Quatre filles et un garçon vous étiez. Seynabou, Astou, Fama, Ndèye et Gorgui Kader vous vous nommiez. D'une même mère et d'un même père vous étiez, tous deux absents ce même matin où, ensemble, vos âmes s'en allaient.
Votre mort collective est d'une douleur particulière ; elle est une tragédie nationale dans laquelle je ne sais le sort de qui d'entre vous est le plus à plaindre.

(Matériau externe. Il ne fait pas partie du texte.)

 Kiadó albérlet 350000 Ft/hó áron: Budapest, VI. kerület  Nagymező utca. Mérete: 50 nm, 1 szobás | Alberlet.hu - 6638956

Siggil ndigaale, mes condoléances, Monsieur Ousseynou Diaz. Je vous demande d'être fort, même si je doute qu'il soit possible de l'être à votre place. Dans votre si lancinante et abusive détention préventive de quatre ans, vous avez été privé de la chaleur de vos enfants. Aujourd'hui vous les retrouvez, non pour les embrasser et recommencer une nouvelle vie avec eux, mais pour les couvrir de vos larmes et de leurs linceuls. Cinq corps pour un même deuil, un adieu pour tous ses enfants, mon cher Monsieur Ousseynou, je compatis, de toute mon âme.

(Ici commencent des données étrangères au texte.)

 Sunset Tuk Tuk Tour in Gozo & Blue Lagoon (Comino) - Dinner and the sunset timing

Soxna ji Jéey, masa yow. Aurez-vous encore le courage d'accoucher ? Les fruits de vos entrailles sont ensevelis, eux qui étaient, sans doute votre plus sérieuse source de motivation. J'ose vous imaginer dans le corps de ces grandes dames qui se contentent de vivre en courant derrière le bonheur de leurs enfants. Comment, Madame Ndoumbé Dièye, seule, parveniez-vous à nourrir cinq bouches dans ce Pays en pénurie de tout ? Comment revêtiez-vous le boubou de leur père pour atténuer le chagrin de son absence ? De brave, je vous qualifierais, car les filles étaient demeurées à l'école, alors que vous auriez pu les délivrer à la rue, à la mendicité ou même à la prostitution. Aujourd'hui vous ne les avez plus à votre charge, mais cela est sans vous soulager. Nous autres ferons leur deuil le temps d'une émotion tandis que vous, ma chère Madame, éterniserez ce deuil dans chaque souvenir du petit Kader, dans chaque imagination de la femme que serait devenue Astou. Soxna ji Jéey, siggil ndigaale.

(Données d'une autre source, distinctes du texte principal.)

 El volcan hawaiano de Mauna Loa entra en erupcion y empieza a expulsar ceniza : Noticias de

Mes soeurs et mon frère en le Sénégal, maintenant que vous êtes morts, que puis-je vous dire pour vous faire aimer ce Pays ? Que puis-je faire pour vous si ce n'est vous offrir mes prières ? Très probablement, vie aura été bien plus tranquille que la vôtre. Être retrouvés morts, à cinq dans une même chambre, donne une idée de vos conditions d'existence. Être coincés dans cette chambre, dans l'attente de la mort, sans que des secours efficients vous soient fournis, montre à quel point nous sommes en sécurité dans ce Pays. Pendant qu'on y est, mangiez-vous à votre faim ? Car, l'État vient d'offrir des vivres à votre famille... La misère sociale, elle est commune chez nous, d'où ma grande crainte que dès demain, on annonce de pareilles victimes que vous. Pardonnez-nous de n'avoir su vous offrir une sécurité sociale ; peut-être que vaincre la misère et la mot facile n'est pas tant une priorité pour nous.
Seynabou, Astou, Fama, Ndèye, Gorgui, vous vous nommiez. De cinq à dix-huit, vos âges se comptaient. Ce samedi, on vous a tous enterrés.
Puissent vos âmes reposer en paix. Enfin.